> [Assignment]
An exact repeat is needed of the lines from the one with "Vassoi cartone oro" through the last line of the data below. Please omit the pictures.

> [Data to examine]
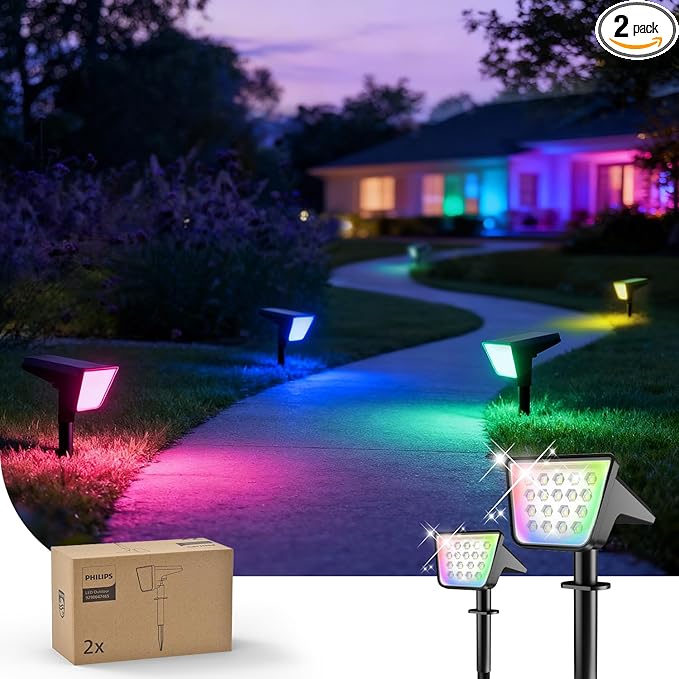 Philips 2 Packs Solar RGBW Spot Lights Outdoor, 18 LED Solar Powered Landscape by PhilipsLightingLED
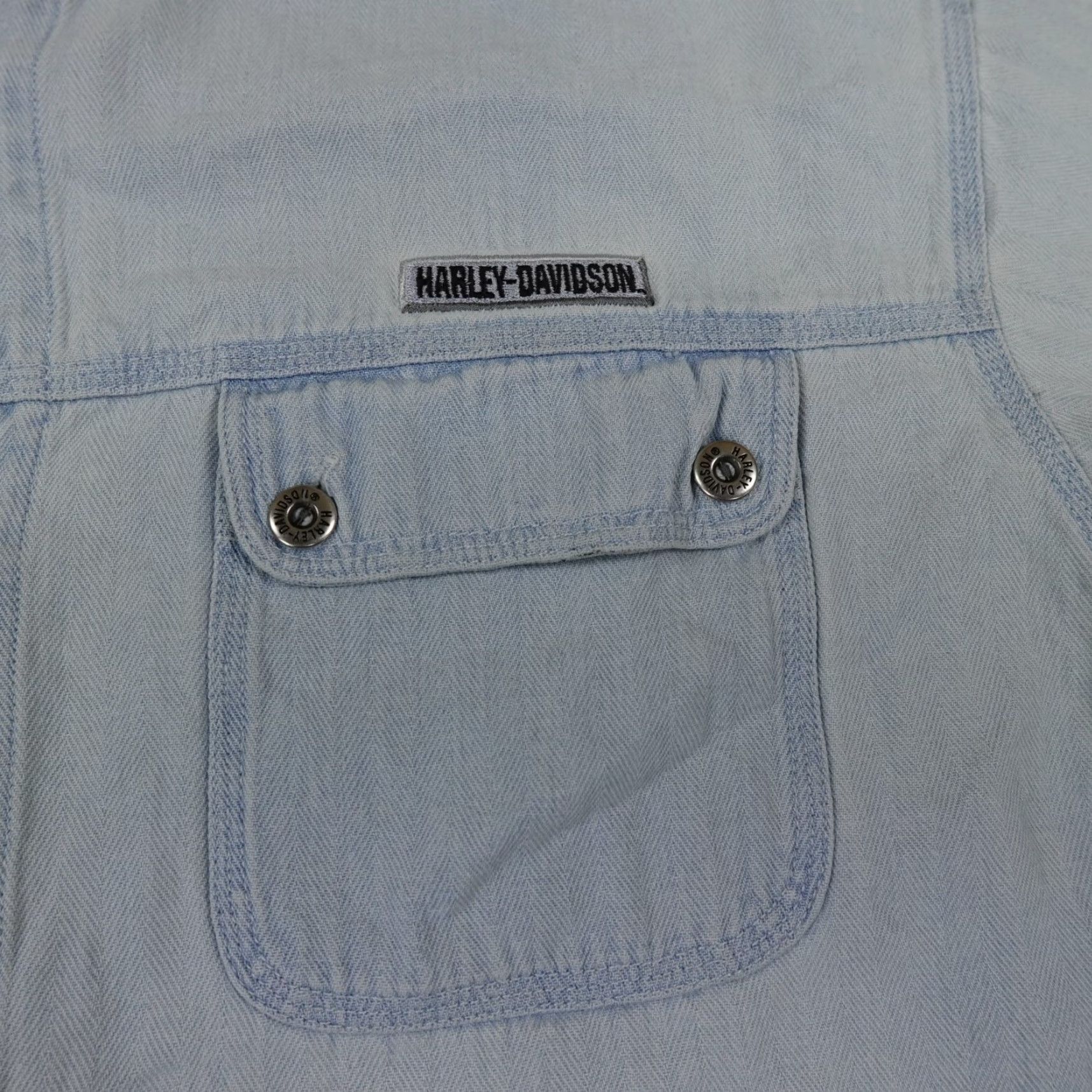 Harley Davidson Harley-Davidson Shirt Mens L Blue Denim Chambray Motorcycle Biker Shacket Shirt Mens Large Denim Chambray Harley-Davidson Size US L / EU 52-54 / 3 - 3 Thumbnail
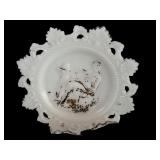 Assorted Collection of 8 Antique Milk Glass Plates and Trays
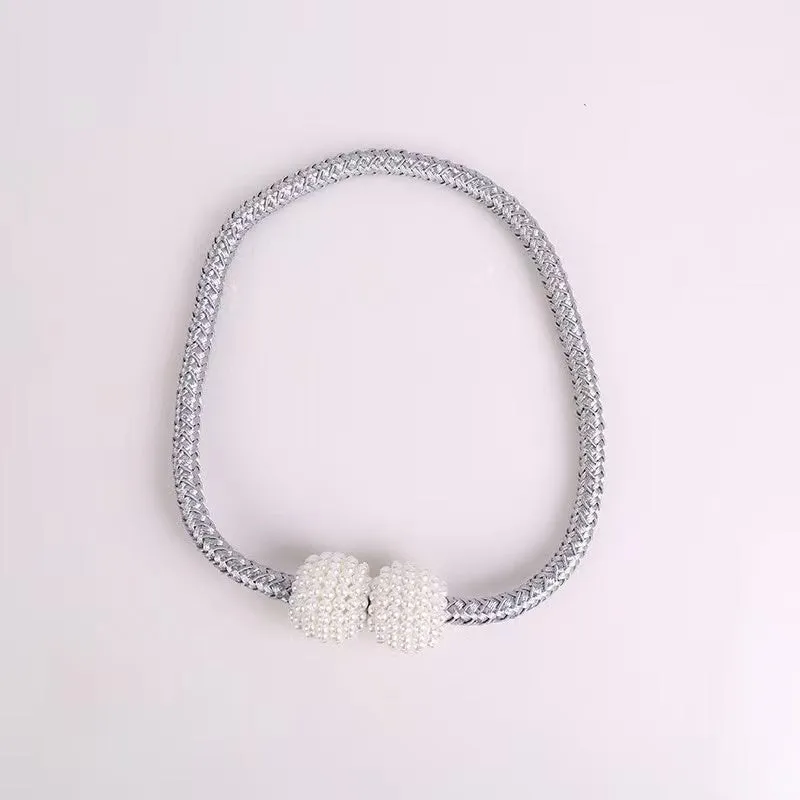 2 Pack Decorative Pearl Magnetic Curtain Tieback Set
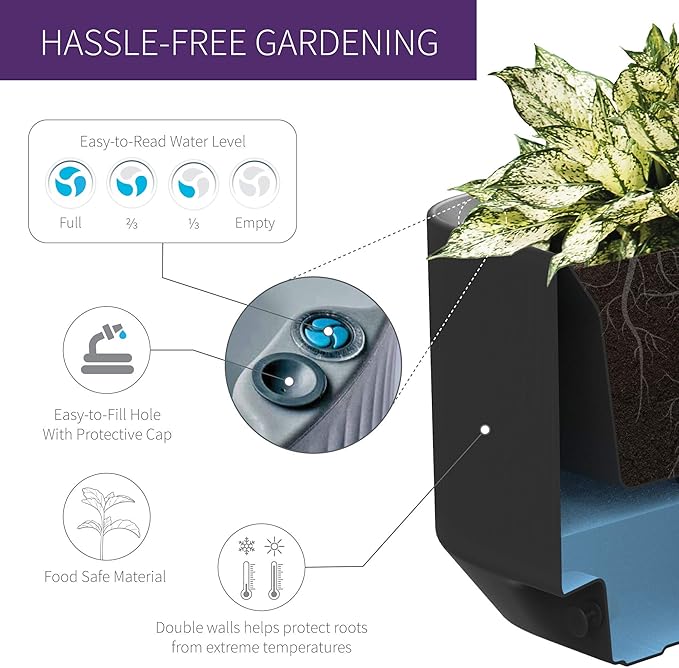 Crescent Garden Modular Self-Watering Plant Box with TruDrop Water Level Indicator, Indoor/Outdoor, Small Modern Box Planter for Herbs, Flowers, Peace Lily, Houseplants - 20"x20"x16"H (Slate)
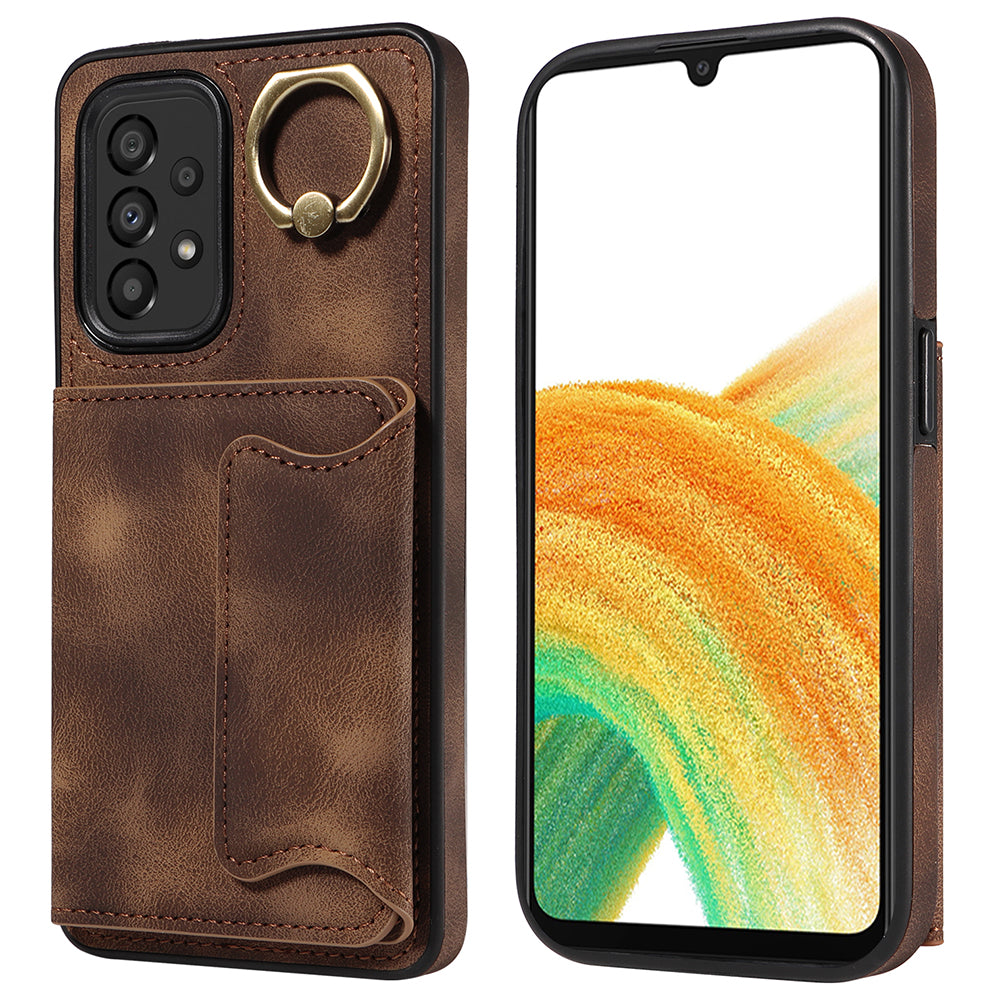 001 For Samsung Galaxy A33 5G PU Leather TPU Card Holder Phone Cover Ring Kickstand Anti-scratch Case 001 For Samsung Galaxy A33 5G PU Leather TPU Card Holder Phone Cover Ring Kickstand Anti-scratch Case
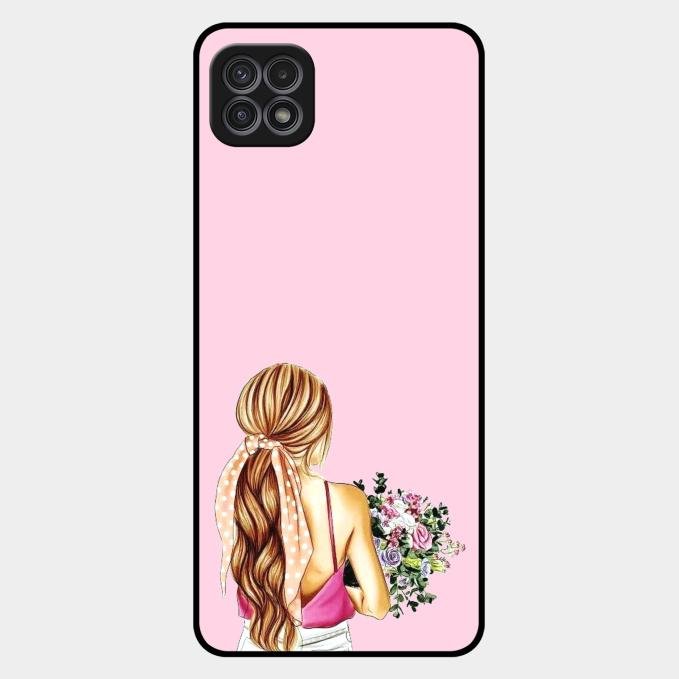 Styles Girl With Flower Glass Case For Samsung Galaxy F42 5G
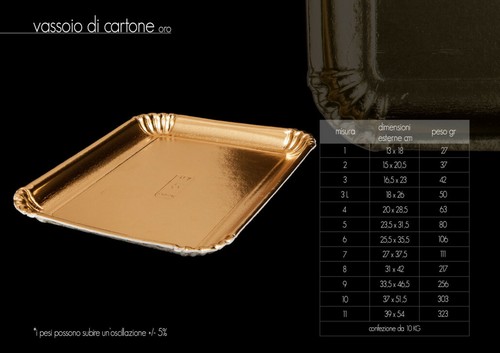 Vassoi cartone oro 8 - cartone,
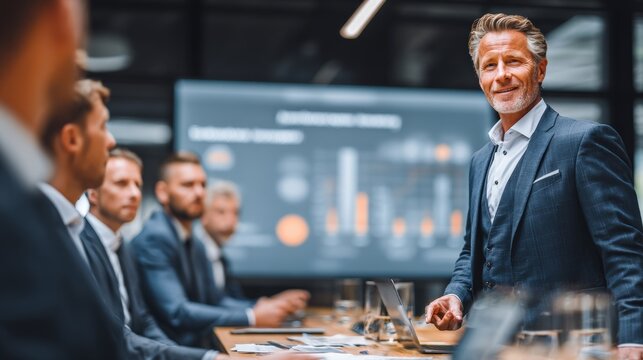 Confident Mature Businessman Leading Presentation with Team in Modern Office Setting, Showing Growth Charts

> [Result of this exercise]
 Vassoi cartone oro 8 - cartone,
 Confident Mature Businessman Leading Presentation with Team in Modern Office Setting, Showing Growth Charts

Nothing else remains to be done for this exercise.